Le duc de La Torre s’était tout de suite fait aimer de l’équipage par ses manières affables et sa générosité.

Les matelots de quart le voyaient avec plaisir se promener sur le pont en compagnie de la duchesse et de sa charmante fille. Dès que ces trois personnes paraissaient sur l’arrière, l’équipage s’éloignait respectueusement pour leur laisser la place nécessaire à leur promenade ; les matelots ne causaient plus entre eux qu’à voix basse, évitant avec le plus grand soin de se servir de ces expressions grossières, ou plus que lestes, dont ils ont l’habitude.

Mademoiselle Violenta de la Torre était surtout l’objet, non seulement d’un respect profond de la part de ces hommes presque primitifs, mais pour ainsi dire d’un culte. Ils professaient une admiration sans bornes pour cette jeune fille ; avec une crédulité naïve et touchante qui caractérise ces natures à la fois simples et énergiques, ils se figuraient que la présence à bord de cette ravissante enfant, portait bonheur à eux et au navire.
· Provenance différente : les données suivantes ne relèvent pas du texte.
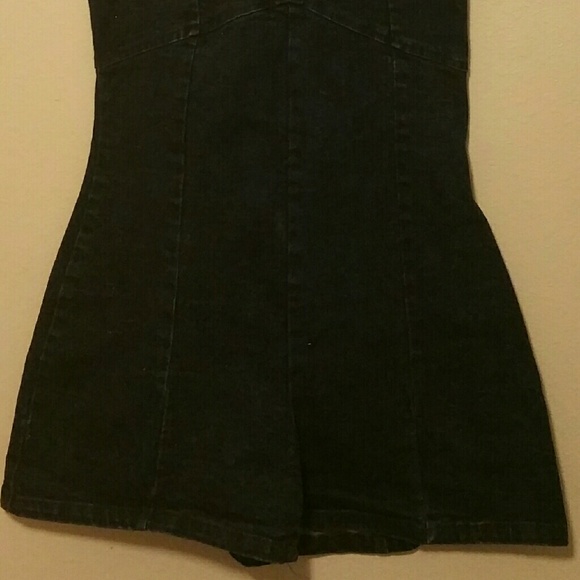 Romper, RAG - Picture 3 of 4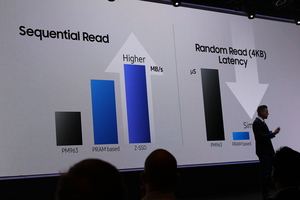 Samsung Global SSD Summit 2016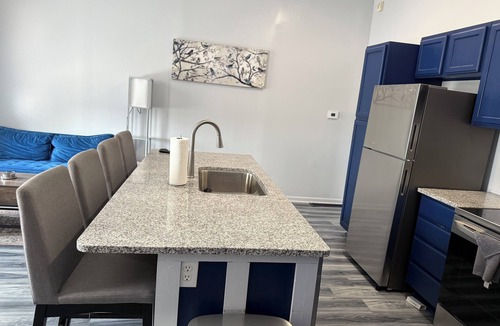 CUF Apartment | Lovely apartment in vibrant Cincinnati - Mins away from all major event places
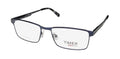 Timex 2:33 Pm Eyeglasses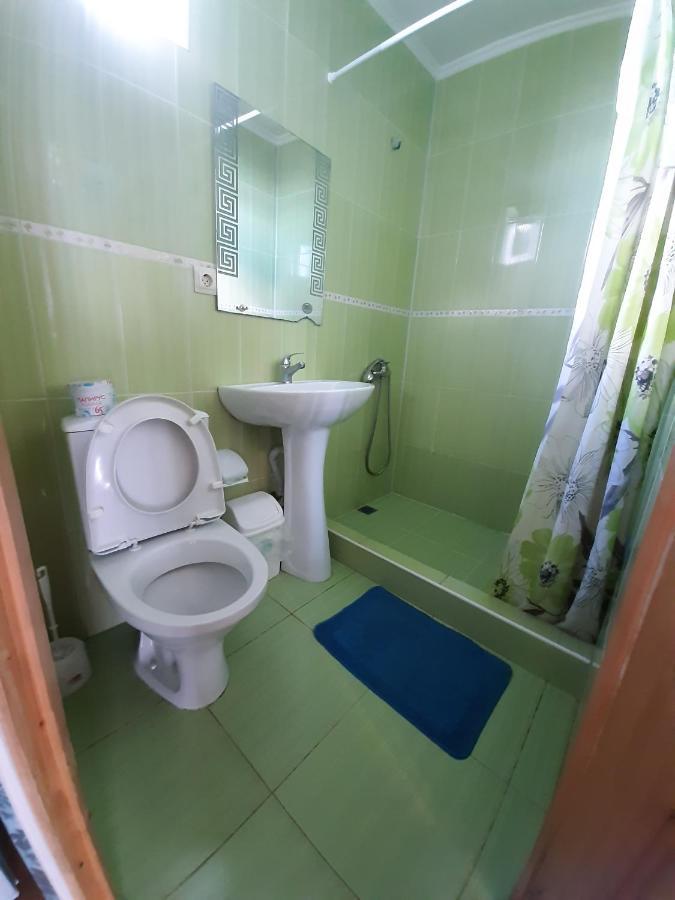 Sea Breeze Guest House Lidzava Eksteriør bilde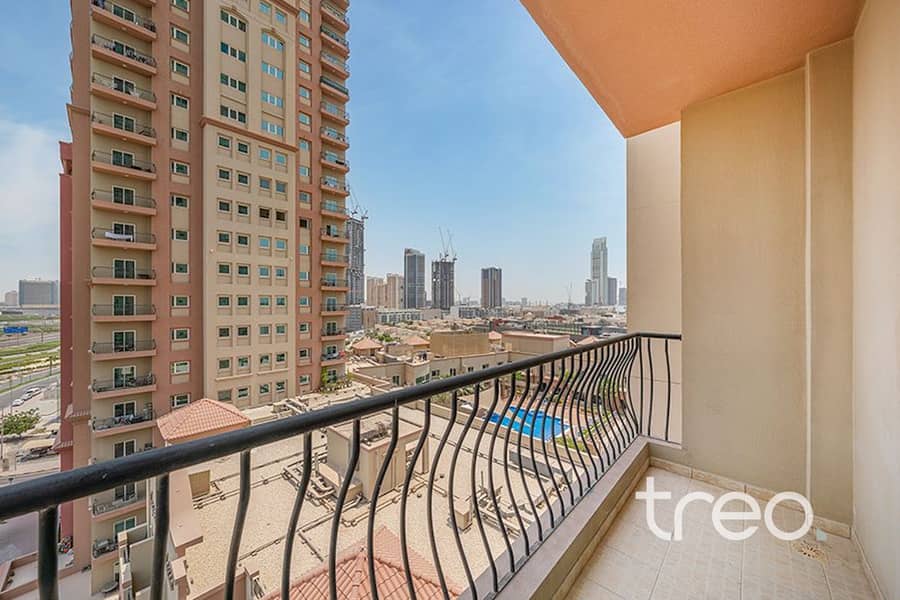 Imperial Residence | Upgraded | Vacant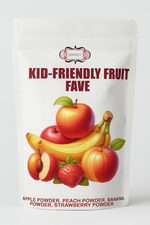 Thumbnail for apple orchard medley fruit powder combo 200 gm copy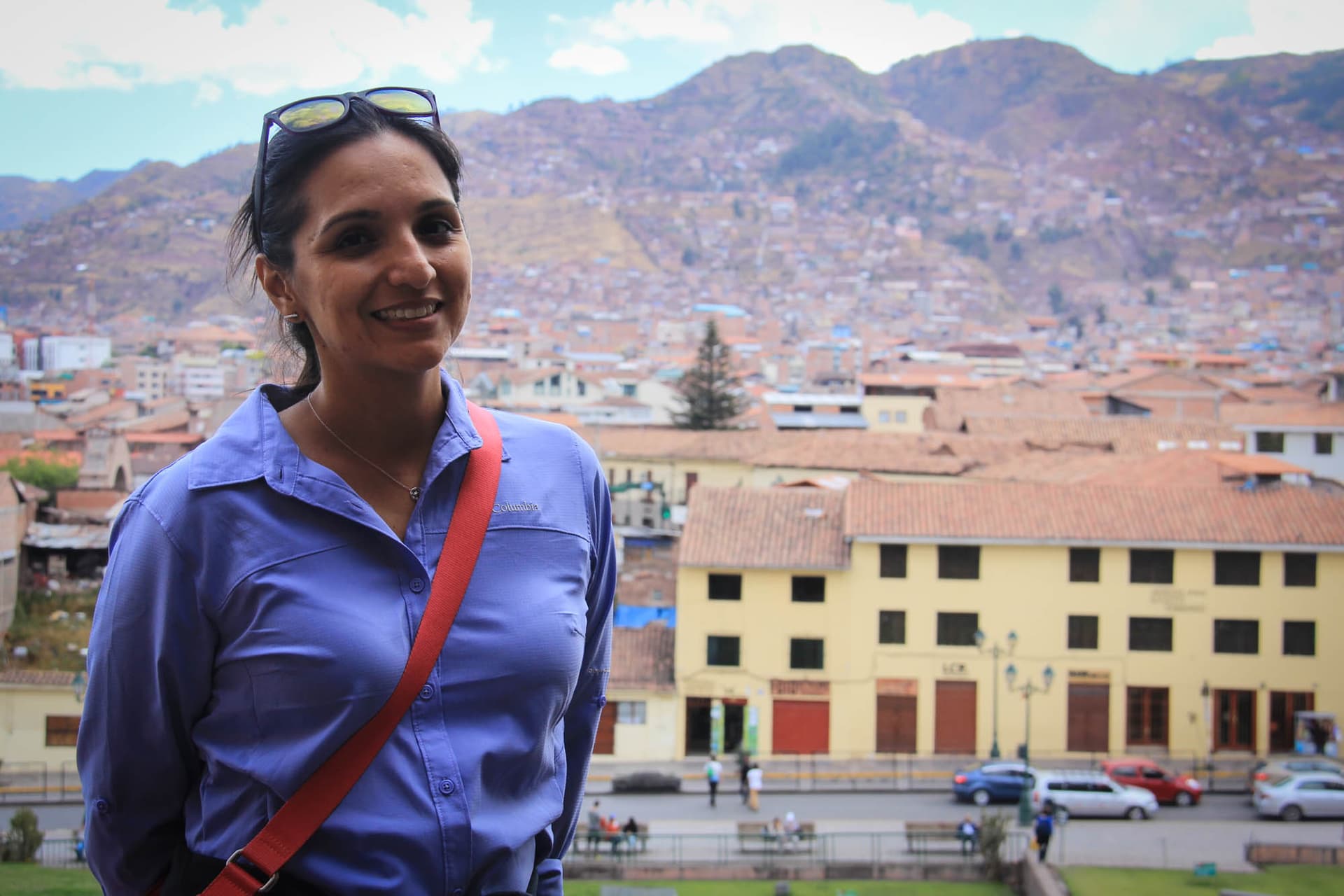 Cusco, Peru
L’Olonnais était heureux, plus heureux qu’il n’avait jamais été ; à la vérité, il n’avait osé adresser la parole à la jeune fille autrement que pour échanger timidement avec elle quelques banales questions, sur le temps, la marche du bâtiment, ou la durée probable du voyage ; mais il n’était plus à présent absolument un étranger pour elle ; la douce et harmonieuse musique de sa voix, l’enivrait et faisait courir des frissons de bonheur dans ses veines ; et puis il la voyait chaque jour pendant plusieurs heures ; il pouvait de plus la contempler et l’admirer en secret. Aussi, nous le répétons, il était heureux.

Cependant une goutte d’absinthe ne tarda pas à tomber sur ce bonheur, et à le changer presque en amertume.